La soberbia espiritual necesita conocerlo todo y no se deja conducir exigiendo mucho al Señor, incluso murmurando del Señor, rebelándose contra Él.
La soberbia se cree siempre mejor que los demás, llevando siempre la razón, constituyéndose en un absoluto; por eso es incapaz de amar, porque el amor es donación y entrega recíprocas.
La soberbia cree poder educar siempre a los demás, incluso propiciándoles humillaciones “por su bien”.
La soberbia no sabe escuchar para aprender, compartir o buscar, sino que sólo habla, cree que sabe y es incapaz de experimentar la misericordia.
La soberbia apenas reconoce los propios pecados y cuando le duelen éstos, no es por amor de Dios, sino por el orgullo de ver herida su propia imagen, escandalizándose de sí mismo (“¡Cómo he podido yo caer en esto...!”).
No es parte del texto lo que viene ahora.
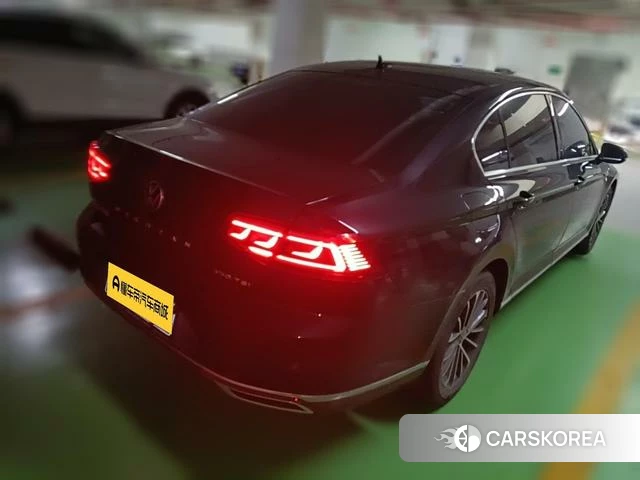 Volkswagen Magotan 2021 Черный из Китая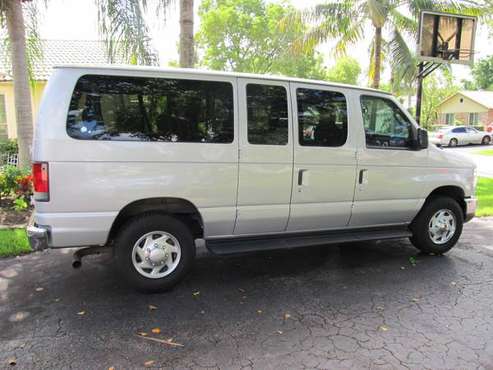 USE FORD E350 XLT 2013 - cars & trucks - by owner - vehicle... for sale in Coral Springs, FL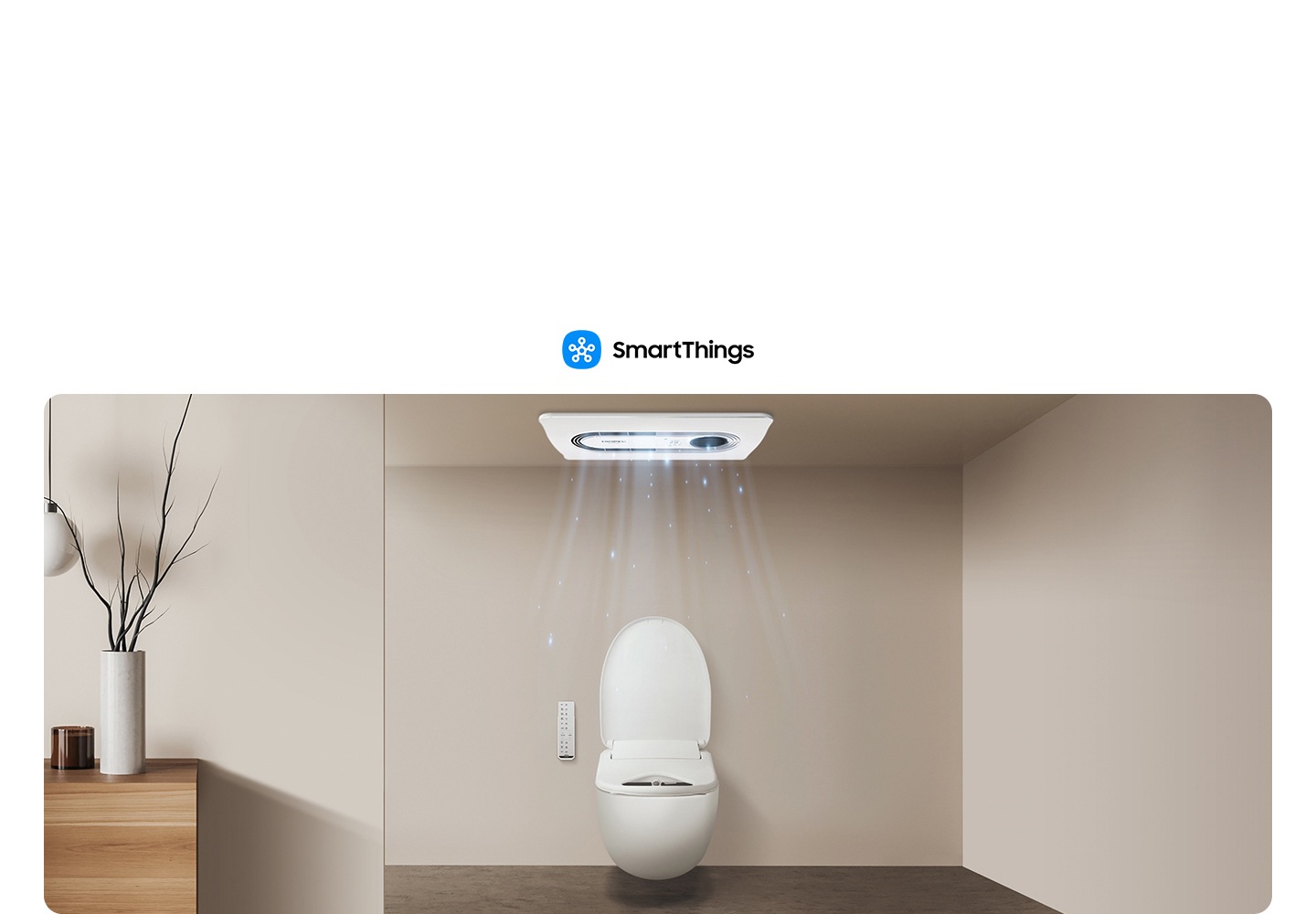 상단의 스마트싱스 로고가 보여지고 하단에 베이지톤의 욕실 모습의 삼성 비데가 설치되어 있는 모습이 보여지고 그 위로 천장에 헴펠 환풍기가 설치되어 작동되는듯한 모습이 보여집니다.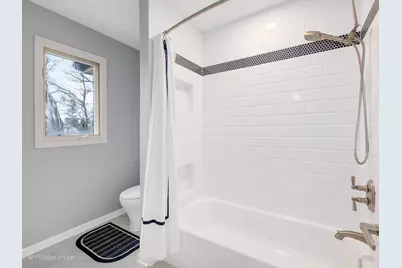 734 Forest Glen Lane, Oak Brook, IL 60523 - Photo 29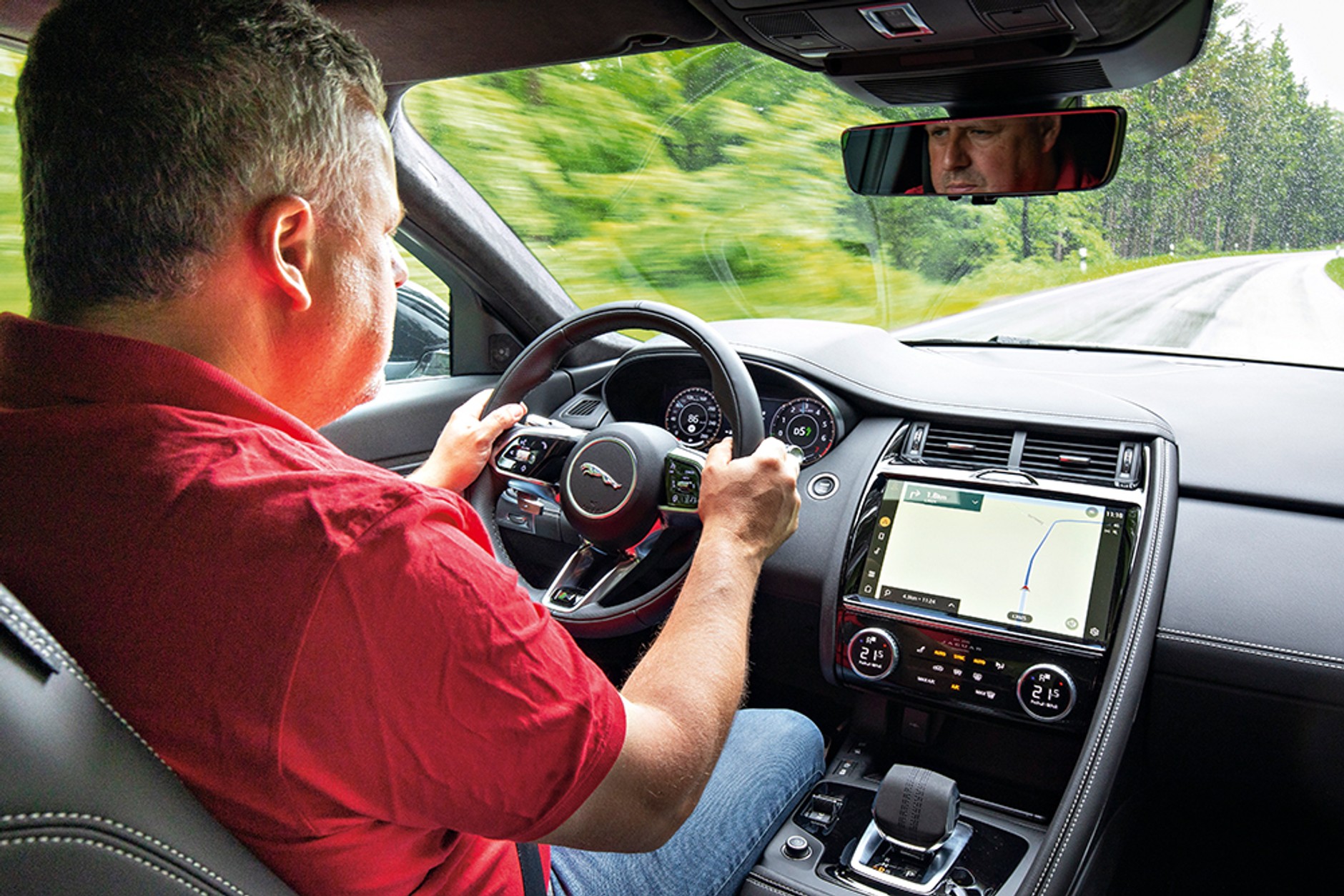 Jaguar E-Pace P300e (2021)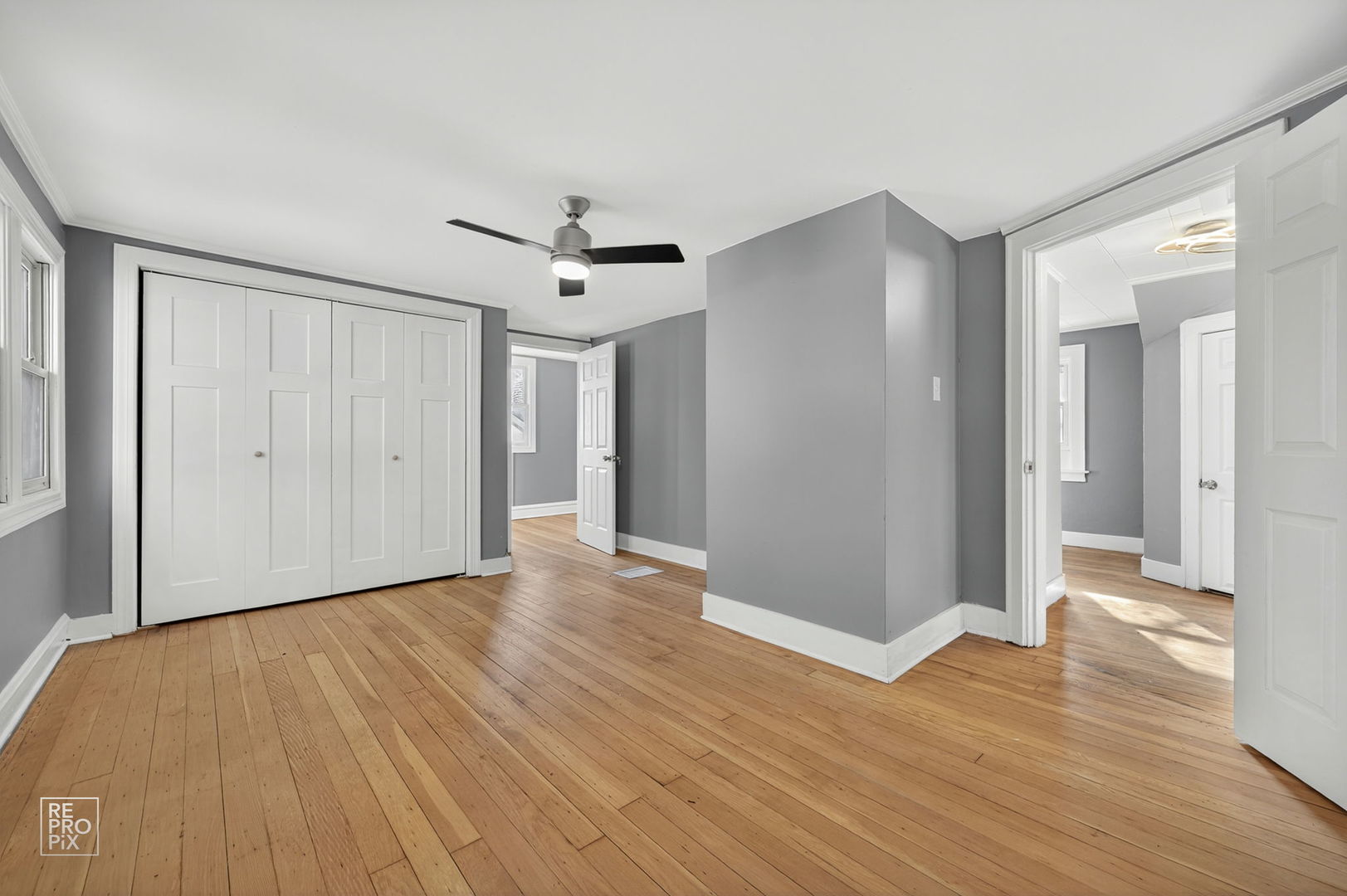 1621 Burr Oak Road Homewood, IL 60430 - Photo 8 of 10 a view of an empty room with wooden floor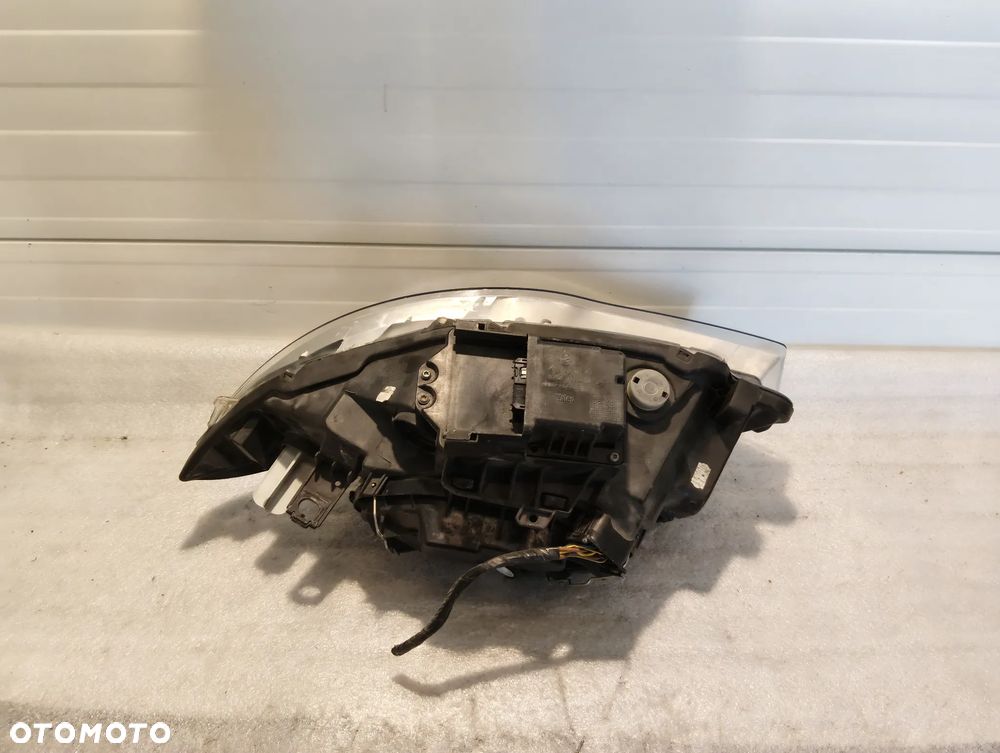 BMW 1 E82 E88 LIFT XENON PRZÓD STRONA PRAWA 7170292 - 2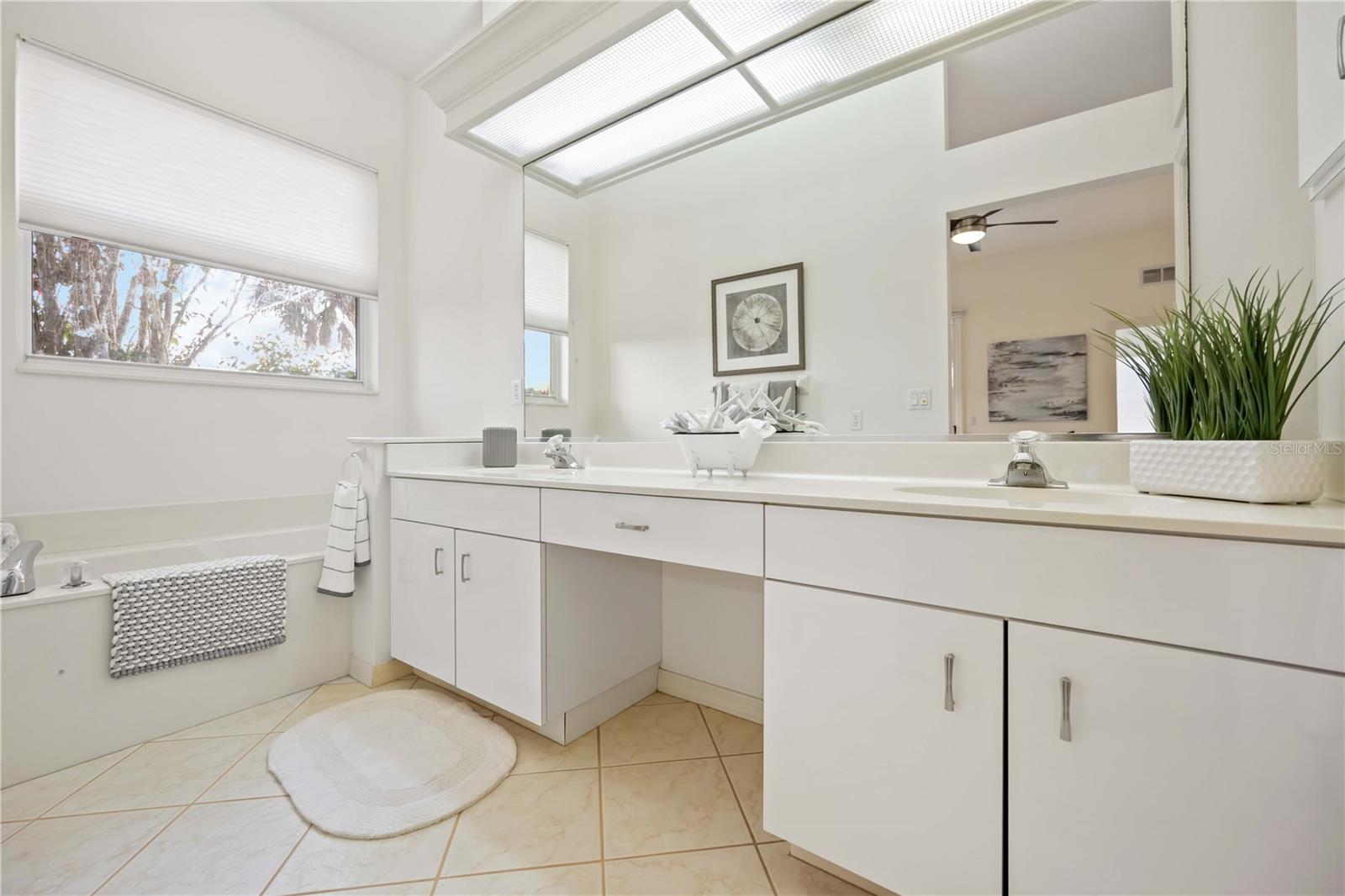 VENICE GOLF & COUNTRY CLUB UNI - Residential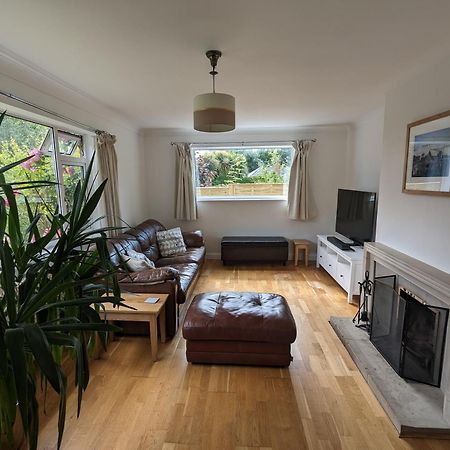 Peaceful Glastonbury Bungalow - Ideally Located Bagian luar foto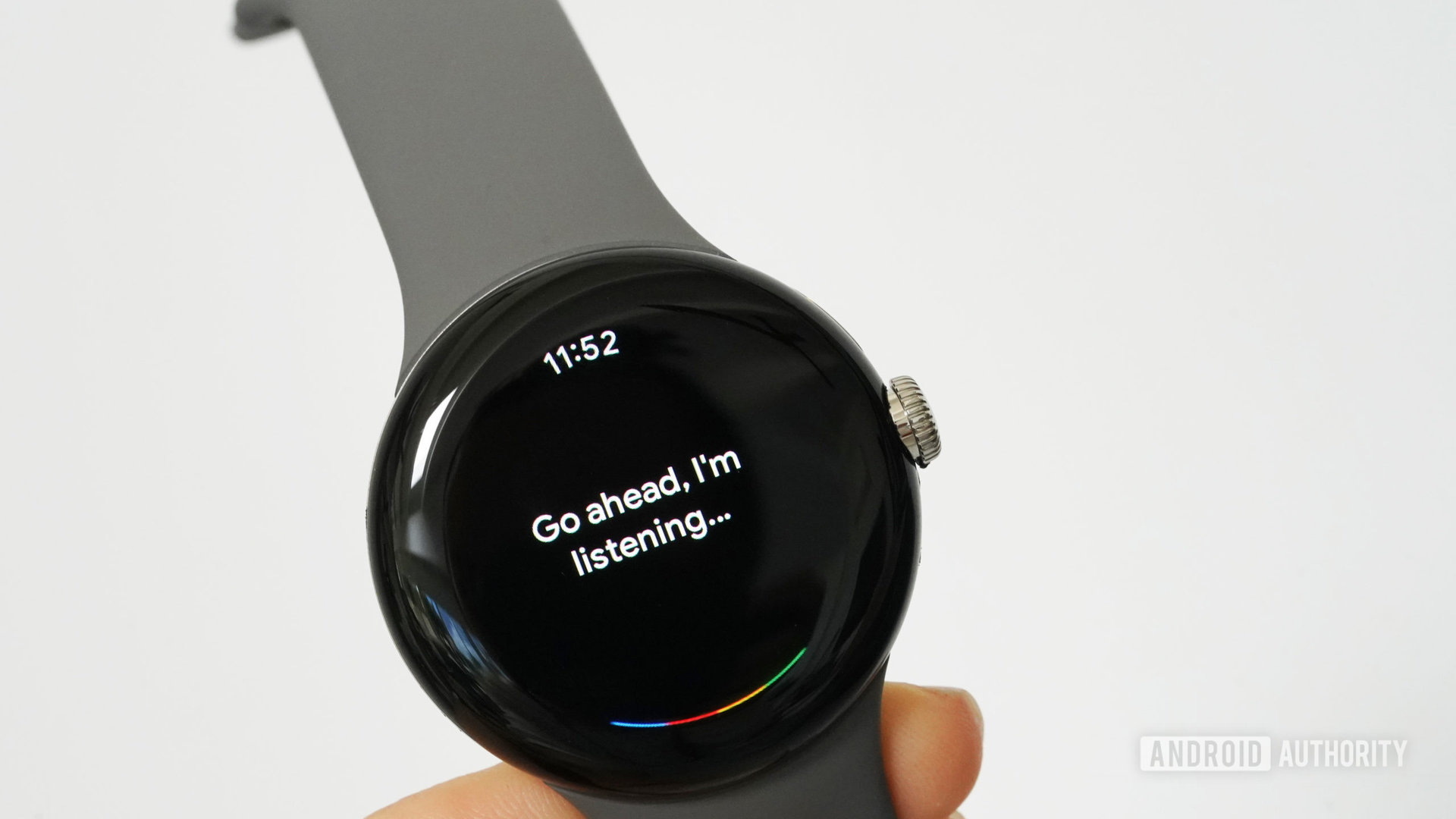 Google Pixel Watch, Google Asistan'ı görüntüler.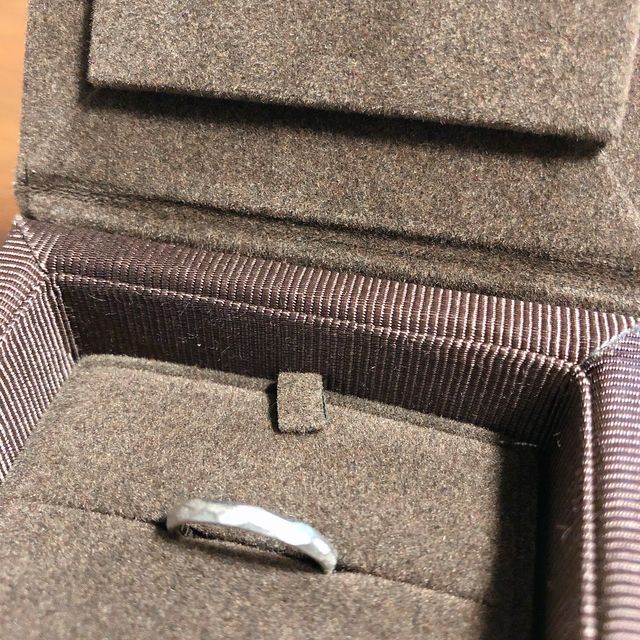 【PAVEO CHOCOLAT(パヴェオショコラ)の口コミ】 シンプルなデザインがよく仕事中でもつけれるデザインを探して色々な指輪…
La soberbia imagina que regiría su propia vida, la historia de los demás y el devenir del mundo mejor y más acertadamente que Dios. ¡Cree, en el fondo, que lo haría mejor que Dios!
La soberbia cree merecérselo todo, por tanto, desconoce la gratitud, la cortesía, la delicadeza, la amabilidad, la caballerosidad.
La soberbia, que se tiene por la más importante, es exigente con los demás, impaciente, impone sus derechos con maneras groseras (¡jamás tiene deberes!): piensa que todos los demás están a su servicio e intenta doblegar con esos malos modos a todo el mundo.
La soberbia posee una mirada turbia y deduce siempre dobles intenciones o intenciones ocultas y enrevesadas en las acciones de los demás, por más puras y rectas que sean.
La soberbia es mezquina y juega con los demás pensando que los demás son iguales que ella, intentando mover las ambiciones de los demás, en un perpetuo juego de iniquidad.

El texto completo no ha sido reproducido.